Entries taken from a collection
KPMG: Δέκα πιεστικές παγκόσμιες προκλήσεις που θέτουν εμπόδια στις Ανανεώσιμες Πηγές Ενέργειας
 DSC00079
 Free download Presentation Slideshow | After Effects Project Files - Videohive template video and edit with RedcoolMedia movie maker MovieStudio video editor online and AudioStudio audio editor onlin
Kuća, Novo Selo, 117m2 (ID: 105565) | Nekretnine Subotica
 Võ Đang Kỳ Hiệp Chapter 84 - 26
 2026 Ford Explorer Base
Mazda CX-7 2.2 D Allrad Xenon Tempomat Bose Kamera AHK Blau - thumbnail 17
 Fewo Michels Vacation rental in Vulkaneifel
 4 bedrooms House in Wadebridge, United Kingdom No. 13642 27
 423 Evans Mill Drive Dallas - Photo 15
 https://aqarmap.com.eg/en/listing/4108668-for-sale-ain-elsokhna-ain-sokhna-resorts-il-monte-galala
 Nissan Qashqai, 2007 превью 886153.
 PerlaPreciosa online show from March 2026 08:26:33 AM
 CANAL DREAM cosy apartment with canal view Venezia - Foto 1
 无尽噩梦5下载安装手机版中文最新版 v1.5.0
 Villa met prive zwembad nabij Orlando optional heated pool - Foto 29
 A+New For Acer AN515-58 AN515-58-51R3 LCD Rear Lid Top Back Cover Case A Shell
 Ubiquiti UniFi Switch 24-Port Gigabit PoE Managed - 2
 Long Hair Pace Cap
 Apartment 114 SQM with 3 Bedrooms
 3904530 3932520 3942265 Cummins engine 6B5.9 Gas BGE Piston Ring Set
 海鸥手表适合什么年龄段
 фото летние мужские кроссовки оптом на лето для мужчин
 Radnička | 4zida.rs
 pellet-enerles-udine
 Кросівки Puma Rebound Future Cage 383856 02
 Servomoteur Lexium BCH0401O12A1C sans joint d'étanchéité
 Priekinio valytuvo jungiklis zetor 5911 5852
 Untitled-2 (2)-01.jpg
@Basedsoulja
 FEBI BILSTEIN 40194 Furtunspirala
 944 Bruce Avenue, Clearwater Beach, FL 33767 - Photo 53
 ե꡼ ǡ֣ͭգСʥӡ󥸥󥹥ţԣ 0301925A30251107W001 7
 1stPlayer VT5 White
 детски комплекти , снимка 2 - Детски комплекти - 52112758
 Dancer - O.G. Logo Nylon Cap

> **Work task**
Recopy the entries above exactly, with every line included.

> **Answer section**
KPMG: Δέκα πιεστικές παγκόσμιες προκλήσεις που θέτουν εμπόδια στις Ανανεώσιμες Πηγές Ενέργειας
 DSC00079
 Free download Presentation Slideshow | After Effects Project Files - Videohive template video and edit with RedcoolMedia movie maker MovieStudio video editor online and AudioStudio audio editor onlin
Kuća, Novo Selo, 117m2 (ID: 105565) | Nekretnine Subotica
 Võ Đang Kỳ Hiệp Chapter 84 - 26
 2026 Ford Explorer Base
Mazda CX-7 2.2 D Allrad Xenon Tempomat Bose Kamera AHK Blau - thumbnail 17
 Fewo Michels Vacation rental in Vulkaneifel
 4 bedrooms House in Wadebridge, United Kingdom No. 13642 27
 423 Evans Mill Drive Dallas - Photo 15
 https://aqarmap.com.eg/en/listing/4108668-for-sale-ain-elsokhna-ain-sokhna-resorts-il-monte-galala
 Nissan Qashqai, 2007 превью 886153.
 PerlaPreciosa online show from March 2026 08:26:33 AM
 CANAL DREAM cosy apartment with canal view Venezia - Foto 1
 无尽噩梦5下载安装手机版中文最新版 v1.5.0
 Villa met prive zwembad nabij Orlando optional heated pool - Foto 29
 A+New For Acer AN515-58 AN515-58-51R3 LCD Rear Lid Top Back Cover Case A Shell
 Ubiquiti UniFi Switch 24-Port Gigabit PoE Managed - 2
 Long Hair Pace Cap
 Apartment 114 SQM with 3 Bedrooms
 3904530 3932520 3942265 Cummins engine 6B5.9 Gas BGE Piston Ring Set
 海鸥手表适合什么年龄段
 фото летние мужские кроссовки оптом на лето для мужчин
 Radnička | 4zida.rs
 pellet-enerles-udine
 Кросівки Puma Rebound Future Cage 383856 02
 Servomoteur Lexium BCH0401O12A1C sans joint d'étanchéité
 Priekinio valytuvo jungiklis zetor 5911 5852
 Untitled-2 (2)-01.jpg
@Basedsoulja
 FEBI BILSTEIN 40194 Furtunspirala
 944 Bruce Avenue, Clearwater Beach, FL 33767 - Photo 53
 ե꡼ ǡ֣ͭգСʥӡ󥸥󥹥ţԣ 0301925A30251107W001 7
 1stPlayer VT5 White
 детски комплекти , снимка 2 - Детски комплекти - 52112758
 Dancer - O.G. Logo Nylon Cap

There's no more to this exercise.